Curry has reiterated he wants to be a Warrior for life for years, and he did so again in a story published Wednesday by Andscape. But when reporter Marc Spears asked Curry about the “lackluster” teams that other one-team Hall of Famers Kobe Bryant and Dirk Nowitzki played on at the end of their careers, Curry affirmed that he wouldn’t stand for losing.

“I want to win,” Curry said, according to Andscape, in an interview on July 8. “Let’s put it this way, it’s a longwinded way of saying that if it is a situation where you’re a bottom feeder and it’s just because you want to stay there, I’d have a hard time with that. But I don’t think that’s going to be the reality.”

Curry couched the whole thing with a big caveat, saying of playing for only one team: “At this stage in my career, I feel that’s possible.”

Still, the 36-year-old is applying public pressure to the Dubs front office in a way we haven’t seen before. After reportedly viewing his fellow four-time champions Klay Thompson and Draymond Green as a “package deal,” according to a 2022 story from the Athletic, Curry told Spears he isn’t sure how the Warriors will look this year now that Thompson left to join the Mavericks.

He also admitted, “It’s hard to envision all the change that’s happened.”

“You have to make the necessary adjustments and evolve how we play to maximize the team that we have,” Curry said. “I have an optimistic attitude that it’s going to work and that we are going to be a competitor, be in the mix until proven otherwise. That’s the only way I can think right now.”

It aligns with what Curry told Vincent Goodwill of Yahoo Sports earlier this month at USA Basketball practices in Las Vegas. Curry once again restated his Warrior-for-life goal, but began to openly ponder other options.

“I mean, I can clearly say I want to be a Warrior for life,” Curry said, in an interview July 7 in Las Vegas. “It’s always been my goal, and I’m saying that sitting in this chair right now, but like you said, life, and especially life in the NBA, it is a wild environment, and things change quickly.”

Curry later added, “I want to be in the best position to make that [winning] happen, [it] doesn’t guarantee anything, but until that changes, and I feel that energy changes, then I go about my business the same way, and that’s where I’m at.
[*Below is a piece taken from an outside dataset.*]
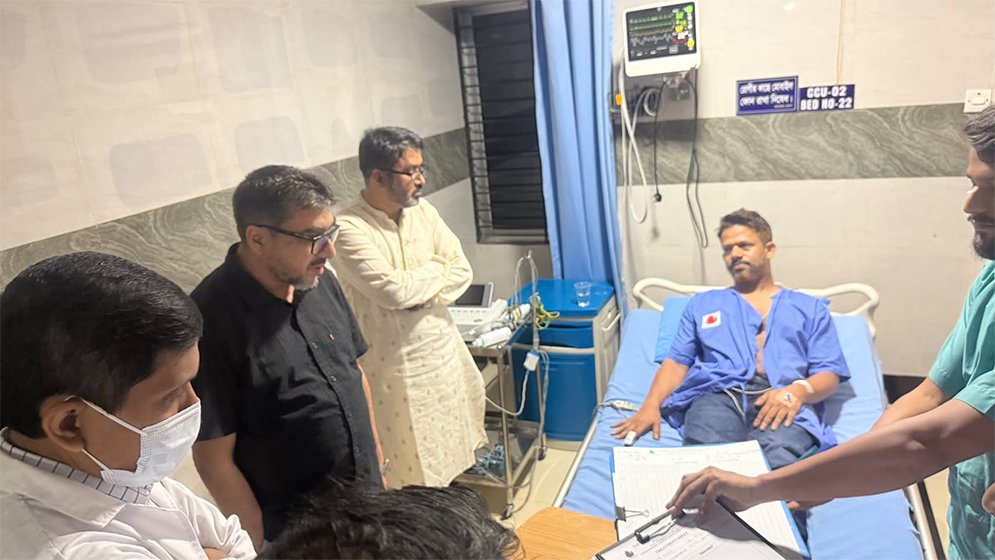 BNP Leader Nakibuzzaman Falls Ill at Dr. Zubaida Rahman’s Birthday Prayer Event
Things change quickly, and the league has changed quickly, so we’re trying to adapt and evolve. And until [then] … I’ll let everybody know if that changes.”

Curry made those comments nearly half a month ago, and he talked to Spears the next day with similar thoughts. He’s got two years left on his contract. How he views the ongoing discussion surrounding the potential trade for Jazz forward Lauri Markkanen isn’t known — but given how hard he reportedly pushed for a Paul George trade, Curry seems likely to welcome anything that improves the roster.